The condo is approximately 5 feet long, 5 tall and 2.5 feet deep. It has 3 main levels and a small penthouse. We made a plywood base on wheels for transport and to be able to clean behind the condo more easily. The metal grids are 14" by 14" and are secured with about 500 zip ties. The levels are braced by 3/4" dowels. The bottom floor is rough linoleum and the upper 3 levels are low pile carpet. We placed a piece of plywood on top for my plants. The bottom level doors swing inward and are independant of the second/third story door. the penthouse also has an access point for cleaning. This was a weekend project. 

Sophie also has access to the living room most of the day and night as I work from home.


----------



## KeltonB

Here's the rabbitat I just finished for Charlotte and Hank. Its very similar to Sophie's Humble Servant's above...I copied a design I came across on Binky Bunny with some of my own modifications. It is 56" wide by 28" deep by 28" tall.

It has a 1/2" plywood base that I put on rolling casters for easy movement for either cleaning or relocating in the room. The 1" material that bands the rolling base also does a great job of stabilizing the NIC structure.

I covered the plywood with 18" self-sticking vinyl tile from Lowes. The interior litter pan fit perfectly in the corner on the left. I had to adjust the platforms lower as my bunnies aren't big jumpers. I need to get a larger piece of carpet for the large platform, but wanted to get something on it temporarily for traction...otherwise its too slippery to jump onto and off of.

The front door folds down and is laid on the top when open. When its down, I can secure it with two dog leash clips. The same goes for the access lid to the top level on the left.

One feature I really like is I zip tied the 1x2 material to the interior of the NICs to make the supports for the platforms. I can remove all the platforms just by lifting them out in less than a minute, so cleaning should be a breeze.

Materials wise, it took 34 NICs, eight vinyl tiles, four casters, a zillion zip ties, one sheet of plywood, some 1x4 and 1x2 material, three dog leash clips and a full day of my time. Now that I know what I'm doing, I could probably do it again in four hours.

Hope you like it!


----------



## LoriAZ

I notice some of the bunny's pens are on carpet. Does your bun eat the carpet? Mine seems to love to nibble carpet and rugs, baseboards, etc. lol


----------



## kiwi-and-ellis

Hope it's okay to bump this thread!







(Ellis is present, but napping in the box - it's his first day here, so he's a little shy.)

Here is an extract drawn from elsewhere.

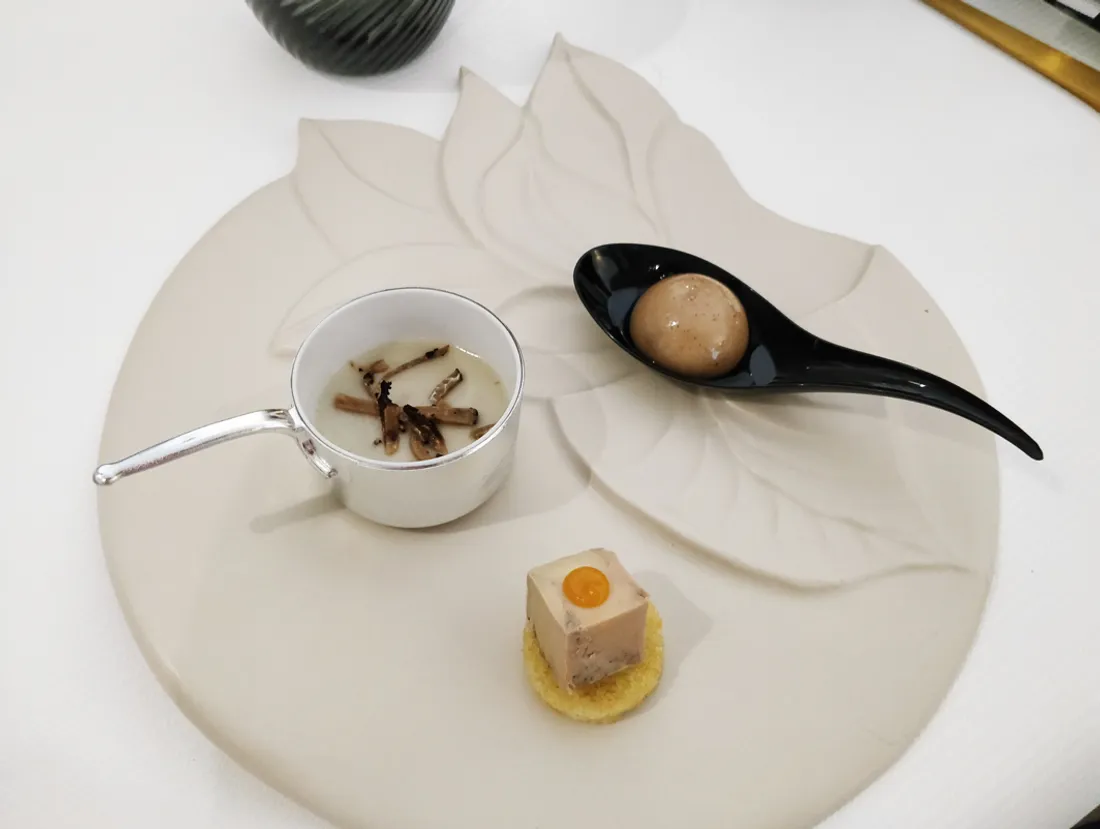 Mises en bouche : foie gras, bonbon au saumon et curry noir, panacotta artichaut et truffe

We found knockoff NIC cubes (branded Design-A-Cubes) to build our first bunny cage. Dimensions are about 28x28x42". He's a very small Silver Marten, but we plan to expand the cage a little further once he's settled into the house. Also attached a matching wire letter tray found among the office supplies, that makes a very nice top-loading hay-holder. Used a plastic mat for the floor, but it seems a little slippery under his paws. Gonna see if he gets used to it in the next few weeks, otherwise we'll find something else.


----------



## beccabeau

We just finished Pip's condo!

it's made from Safeco squares (same as NIC ones) except I had to order them from the only place that sells them in the UK. Complete cost of the cage, including all the wood and other materials is probably £120 but it was well worth it!! 




Building the new set up from the top downwards (old cage in the background) We build it 3 high/ 3 long and two wide. Each grid is 14"x14"
We bought 2 packs of 200 cable ties for it, and ended up using a pack and a half, just to make sure it was secure enough.




putting together the floor was tricky. I wanted something sturdier than plywood, so we ended up getting 2 large pine lengths, and nailing them together using "feet" on the bottom. I then cut to size and attached self-adhesive vinyl floor tiles (these are easy to clean and cheap if I ever need to replace. I bought 3 packs of 7, which was more than enough to do the entire cage) We then glued lengths of wood to the outside of the cage to make a 'border' just to keep all the hay in. I put vinyl on the inside of the border too, just to make it easier to clean.




Top half before we put the shelves in and snipped the cable ties. If it's big enough to fit a boyfriend in, it's big enough for Pip!




Pip 'helping'. This is the only picture of the ramp I have before it went in the cage. I used a cut off from plywood that I had used for the shelves, covered it in vinyl and then glued wood cut offs for steps. I later had to add patches of carpet because this was too slippery for him. I drilled holes through the plywood on one side to attach it to the cage with cable ties.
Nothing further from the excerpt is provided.